Tun Abdul Razak Hussein, Second Prime Minister of Malaysia.[3] 

A democracy’s electoral system is fundamental to its legitimacy, as from the electoral system, the form and style of representation flow, the relative strength of political parties, the formation of government and the development of policy positions. In a representative democracy, the structure of the state’s electoral system plays a critical role in determining the nature and form of political discourse and parliamentary representations. The electoral system establishes who may vote, how many representatives are to be chosen from which areas, who oversees the conduct of elections, and how votes are counted. Adjustments and manipulations of these elements can have severe positive or negative consequences on the stakeholders. Electoral system changes also strongly impact the ability of citizens to participate in the state’s general political discourse and democratic processes⎯as voters, candidates, members of political parties, etc. Beyond any formal barriers, the perceived fairness or otherwise of the electoral process can affect citizens’ willingness to engage in the democratic process.[4]

Malaysia considers itself a democracy—a federation of 13 states and three federal territories[5], with a form of government that is constitutional, monarchical, and parliamentary at both the state and federal levels, with every state having its constitution. Common to every state is the Federal Constitution (FC). Since 1954, Malaysia has adopted election laws generally practised (at that time) in the United Kingdom. The primary election laws are found in the Elections Act 1958, Elections Offences Act 1954, Election Commission Act 1957, Elections (Registration of Electors) Regulation 2002, and Elections (Conduct of Elections) Regulations 1981. The electoral system subscribes to the first-past-the-post (FPTP) or plurality method.[6], [7]

As Malaysia is a federation, it has two levels of elections⎯the federal level, which elects the members of Parliament (MPs) for the Dewan Rakyat (DR), and the state level, which elects members for the Dewan Undangan Negeri (state legislative assemblies/DUN). There are 222 seats representing the 222 constituencies. The Dewan Rakyat (House of Representatives) is part of the bicameral Parliament, with the Dewan Negara (DN) being the Upper House. There is no election for members (Senators) of the Dewan Negara as they are nominated by their DUN—two for each state. The Yang diPertuan Agong appoints the remaining 44 members from names proposed by the government, including four appointed to represent the federal territories.[8]

However, Malaysia’s ‘democratic’ status is plagued by two issues: (a) that elections are neither free nor fair; and (b) it has never experienced party alternation since the first elections in 1955, under British home rule, and the first GE after independence in 1959 until GE14 in 2018 (63 years of single party/coalition rule).[9]

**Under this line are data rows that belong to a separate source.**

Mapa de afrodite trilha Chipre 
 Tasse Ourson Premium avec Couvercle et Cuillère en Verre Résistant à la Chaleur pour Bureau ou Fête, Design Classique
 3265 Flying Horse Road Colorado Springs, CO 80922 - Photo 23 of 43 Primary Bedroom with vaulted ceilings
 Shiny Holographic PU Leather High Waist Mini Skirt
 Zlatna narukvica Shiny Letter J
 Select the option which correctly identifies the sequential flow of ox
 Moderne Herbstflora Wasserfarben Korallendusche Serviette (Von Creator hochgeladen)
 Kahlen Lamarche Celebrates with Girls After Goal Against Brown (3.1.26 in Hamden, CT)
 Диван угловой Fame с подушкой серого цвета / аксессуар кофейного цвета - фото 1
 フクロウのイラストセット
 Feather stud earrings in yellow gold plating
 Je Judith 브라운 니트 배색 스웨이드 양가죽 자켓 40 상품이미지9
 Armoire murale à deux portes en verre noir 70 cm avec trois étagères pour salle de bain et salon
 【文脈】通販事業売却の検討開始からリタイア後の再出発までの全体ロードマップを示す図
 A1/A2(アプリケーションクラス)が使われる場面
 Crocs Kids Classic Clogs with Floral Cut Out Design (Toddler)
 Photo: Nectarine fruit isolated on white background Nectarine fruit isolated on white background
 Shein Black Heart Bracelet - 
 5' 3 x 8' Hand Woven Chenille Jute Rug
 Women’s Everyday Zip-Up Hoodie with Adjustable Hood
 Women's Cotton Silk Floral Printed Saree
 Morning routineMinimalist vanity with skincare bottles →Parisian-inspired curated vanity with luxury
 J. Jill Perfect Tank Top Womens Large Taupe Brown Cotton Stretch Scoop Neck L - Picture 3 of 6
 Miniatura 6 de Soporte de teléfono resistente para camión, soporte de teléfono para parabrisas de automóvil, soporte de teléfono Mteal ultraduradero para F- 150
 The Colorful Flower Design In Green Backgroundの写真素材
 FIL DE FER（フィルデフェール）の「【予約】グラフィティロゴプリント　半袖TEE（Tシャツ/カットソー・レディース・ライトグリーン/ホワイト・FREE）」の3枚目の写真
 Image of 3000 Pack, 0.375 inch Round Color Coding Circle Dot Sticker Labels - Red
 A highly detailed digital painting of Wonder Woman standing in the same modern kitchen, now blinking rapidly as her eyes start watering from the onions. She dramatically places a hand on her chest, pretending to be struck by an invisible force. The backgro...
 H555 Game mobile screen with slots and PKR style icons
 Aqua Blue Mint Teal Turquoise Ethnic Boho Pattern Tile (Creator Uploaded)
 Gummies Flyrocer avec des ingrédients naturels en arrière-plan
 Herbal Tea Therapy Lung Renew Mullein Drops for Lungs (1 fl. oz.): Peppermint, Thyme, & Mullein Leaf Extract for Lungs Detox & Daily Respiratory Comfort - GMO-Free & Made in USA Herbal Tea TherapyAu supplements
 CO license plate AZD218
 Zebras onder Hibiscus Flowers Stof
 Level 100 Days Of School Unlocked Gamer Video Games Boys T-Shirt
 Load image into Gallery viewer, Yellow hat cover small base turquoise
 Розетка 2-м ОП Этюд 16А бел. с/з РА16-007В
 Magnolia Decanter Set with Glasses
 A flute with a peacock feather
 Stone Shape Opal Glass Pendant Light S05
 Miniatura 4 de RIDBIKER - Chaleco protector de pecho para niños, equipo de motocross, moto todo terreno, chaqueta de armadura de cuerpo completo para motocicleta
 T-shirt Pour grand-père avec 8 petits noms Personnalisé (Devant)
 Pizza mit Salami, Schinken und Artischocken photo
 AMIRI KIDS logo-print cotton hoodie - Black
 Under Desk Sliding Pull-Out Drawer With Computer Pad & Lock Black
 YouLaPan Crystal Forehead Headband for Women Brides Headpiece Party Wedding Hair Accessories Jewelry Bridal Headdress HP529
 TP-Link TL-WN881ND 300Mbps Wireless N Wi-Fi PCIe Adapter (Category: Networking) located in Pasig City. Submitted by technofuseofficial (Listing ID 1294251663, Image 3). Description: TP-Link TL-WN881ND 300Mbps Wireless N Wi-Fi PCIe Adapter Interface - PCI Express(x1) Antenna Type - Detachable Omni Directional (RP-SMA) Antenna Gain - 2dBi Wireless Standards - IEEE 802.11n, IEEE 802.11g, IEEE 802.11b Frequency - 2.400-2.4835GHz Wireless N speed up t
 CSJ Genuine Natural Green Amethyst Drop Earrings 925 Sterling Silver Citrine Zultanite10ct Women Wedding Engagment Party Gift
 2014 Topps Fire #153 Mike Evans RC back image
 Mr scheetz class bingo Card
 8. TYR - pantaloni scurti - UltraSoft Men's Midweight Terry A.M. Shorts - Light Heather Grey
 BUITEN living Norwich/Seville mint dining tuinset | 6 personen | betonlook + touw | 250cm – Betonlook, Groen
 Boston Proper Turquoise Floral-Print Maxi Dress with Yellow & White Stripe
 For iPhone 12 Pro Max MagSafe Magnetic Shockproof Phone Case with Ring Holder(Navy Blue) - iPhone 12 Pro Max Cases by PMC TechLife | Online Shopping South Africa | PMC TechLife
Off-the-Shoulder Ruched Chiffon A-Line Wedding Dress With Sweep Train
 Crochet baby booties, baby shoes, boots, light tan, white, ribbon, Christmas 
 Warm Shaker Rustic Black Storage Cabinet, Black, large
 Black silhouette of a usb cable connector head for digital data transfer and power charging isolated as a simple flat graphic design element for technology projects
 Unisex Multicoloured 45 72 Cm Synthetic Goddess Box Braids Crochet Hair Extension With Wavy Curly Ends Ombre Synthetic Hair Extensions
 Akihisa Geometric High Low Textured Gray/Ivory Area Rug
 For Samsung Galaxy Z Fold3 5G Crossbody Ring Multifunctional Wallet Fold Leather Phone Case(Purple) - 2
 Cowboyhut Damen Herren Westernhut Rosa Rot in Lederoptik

There have been 14 general elections (GE) since Malaysia gained independence in 1957.[10] The Barisan Nasional (BN) and its predecessor, the Alliance (Perikatan), had won all (except the historic GE14 in 2018). An important reason for BN’s success is the electoral system.[11]

Issues with Malaysia’s Electoral System

Characterised by excessive malapportionment and gerrymandering[12], enabled by 63 years of single-party/coalition rule, Malaysia’s FPTP electoral system has been central to Malaysia’s democratic deficit, yet constituency malapportionment and gerrymandering only began with zest at the 1974 delimitation review.[13]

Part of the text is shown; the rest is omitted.